3- Batonlar ayrıca, sık orman örtüsünde ilerlerken önünüze çıkabilecek dalları, dikenleri bitkileri, örümcek ağlarını siz yürürken yolunuzdan çekmenizi sağlar ve yürüyüşünüzü rahat ve kontrollü bir şekilde devam ettirmenizi sağlar.

4- Baton ile yürümek size kalıcı bir yürüyüş ritmi sağlar ve hızınızı arttırmanıza olanak sağlar. Bu artışı düzlük alanlarda daha rahat gözlemleyebilirsiniz.

5- Fazladan 2 adet çekiş gücü sizin karda,çamurda ve kayada daha rahat ilerlemenizi sağlar.

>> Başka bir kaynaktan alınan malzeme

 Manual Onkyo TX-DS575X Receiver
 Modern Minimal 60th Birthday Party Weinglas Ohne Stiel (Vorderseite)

6- Batonlar zorlu ve farklı arazi tiplerinde, nehir geçişlerinde, ağaç köklerinin dağıldığı yerlerde ve kaygan bataklık arazilerde dengeli olmanızı sağlar. Bu arazilerde dengenizi kaybetmeden yürümek hem sizi daha az yorar hem de zamandan kazanabilirsiniz.

7- Baton size geçeceğiniz arazide yolunuzun güvenliğini ölçmeyi sağlar.Eriyen karda, bataklıkta ve su birikintisinde batonunuzla ölçüm yaparak derinliği anlayabilirsiniz ve yolunuzu buna göre düzenleyebilirsiniz.

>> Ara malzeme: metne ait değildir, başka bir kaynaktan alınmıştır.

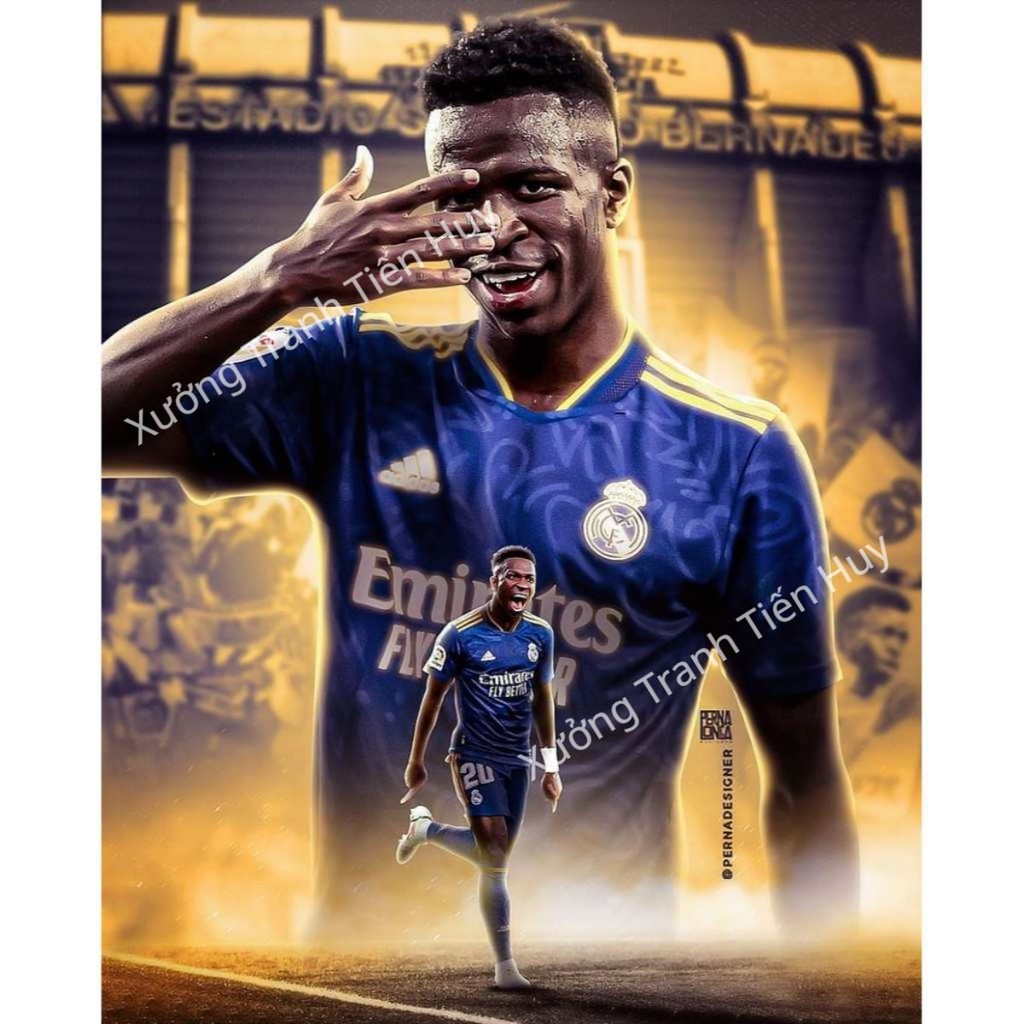 (X195) Poster Cầu Thủ Vinicius, Ảnh Dán Tường Real Madrid Vinicius Đẹp, Poster Bóng Đá Có Sẵn Keo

8- Şu da var ki doğada vahşi hayvanlarla karşılaşma şansımız vardır ve karşılaşıldığında batonla kendinizi koruma imkanınız olabilir.

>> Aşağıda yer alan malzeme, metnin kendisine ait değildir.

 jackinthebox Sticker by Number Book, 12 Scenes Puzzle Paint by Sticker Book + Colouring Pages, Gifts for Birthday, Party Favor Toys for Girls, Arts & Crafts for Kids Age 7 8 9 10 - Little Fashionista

9- Batonların asıl görevlerinden biri de vücuda binen ağırlığın dağılımını sağlayıp tek bir noktaya baskı yapmasını engellemektir. Örneğin; ağır bir çantayla yürürken kısa bir mola verdiğinizde batonlardan güç alarak ayakta durmak ile batonsuz ayakta durmak arasında çok fark vardır.

10- Batonlar ayrıca doğadayken bir sığınak oluşturmak istediğinizde sığınağı ayakta tutmak için çok yardımcı olacak bir malzemelerdir.Bir tenteyi batonları bağlayıp ayakta tutarak kendinize sığınak elde edebilirsiniz. Ayrıca herhangi bir burkulma, kemik çatlaması,kırılması durumunda sabitleyici olarak da kullanılabilir.

Batonların bu kadar avantajını sayarken oluşabilecek dezavantajlarını de söylemek durumundayız.Yürüyüş esnasında batonların bir kaya arasına, ağaç köklerine sıkışması muhtemeldir.Tempolu yürürken bunlara maruz kalmak insanın canını gerçekten sıkabilir. Bazı durumlarda ise, baton yerine ellerinizi kullanmanız gerekir, bu kısa bir an için de olabilir ve bu durumda onları çantaya yerleştirip yeniden çıkarmak gerekebilir ve bu da başka bir can sıkıcı faktör olabilir.Özellikle anlatılan durumlar bilekten kayışı olan batonlarda daha çok sorun yaratabilir.Eğer ki ani tehlikeli bir durum olduğu düşünülürse anın getirdiği panikle kayışın bilekten hızlıca çıkartılmaya çalışılması artı bir strese ve zor duruma sebep olabilir.

Sırt Çantası:
Sırt çantası seçerken ,herşeyden önce ortopedik  ve dayanıklı  olması çok önemlidir.Bu iki ana şartı sağlamıyorsa yürüyüşlerde sırt,omuz ve bel ağrılarına neden olacak,yükünüzü ağırlaştıracaktır.Dayanıklılığa gelince ; 50+ litrelik bir çanta kullanıyorsanız yükünüz muhtemelen ağırdır.Dayanıksız bir çantanın ağırlık karşısında kemer tokalarının  koptuğuna,dikişlerin patladığına çevremde bir çok kez şahit oldum. Bu iki ana şarttan sonra kumaş kalitesi,çantanın hafifliği,su geçirmezliği,fonksiyonelliği kriterlerine dikkat etmek gerek.Unutmayın çok kaliteli bir malzemeyi çok ucuza bulmak çok zordur. Bu yüzden lütfen aldanmayın. Bütçe kısıtlıysa 80 liraya 60 litre çanta alacağınıza  2.el daha kaliteli çantalar alabilirsiniz.

Kamp Yatağı/Mat:

Kampın olmazsa olmazlarında olan bu ekipmanı alırken hem konfor hem yalıtım için doğru bir seçim yapmak gerekir.Piyasada bolca bulunan şişme yatakları kullanmayı bir çok kez denedim.Ve kamp için uygun bir ekipman olmadığına karar verip kaldırdım.Kışın içi hava dolu olduğu için zemindeki soğuğu aynen sırta aktarıyor ,yazınsa çok terletiyor.Ve yüksekliği fazla olduğu için çadır içi hacmi azaltıyor,çadırın piramit yapısından dolayı daha yüksekte yattığımız için 1.70 boy üstü kişilerde baş ve ayak uçlarının çadırın duvarlarına değmesine neden oluyor.Şişirmesi zahmetli ,indirmesi ve katlaması vakit kaybettirici.bunca dezavantajı varken bence yanlış bir ekipmandır.Bütçe uygunsa iyi bir şişme mat yada yumuşak kalın ve hafif olan matlar ,ekonomik bir ürün aranıyorsa, klasik ” kapalı hücre 12mm mat ” çok daha kullanışlıdır.Bazı arkadaşların hafifliği ve fiyatı nedeniyle plates matları aldığını görüyorum.Bu matlar yalıtım için ve  çadır zeminindeki ufak tefek taş,dal,toprak vs gibi sivrilikleri  hissettirmemesi için yeterli değildir.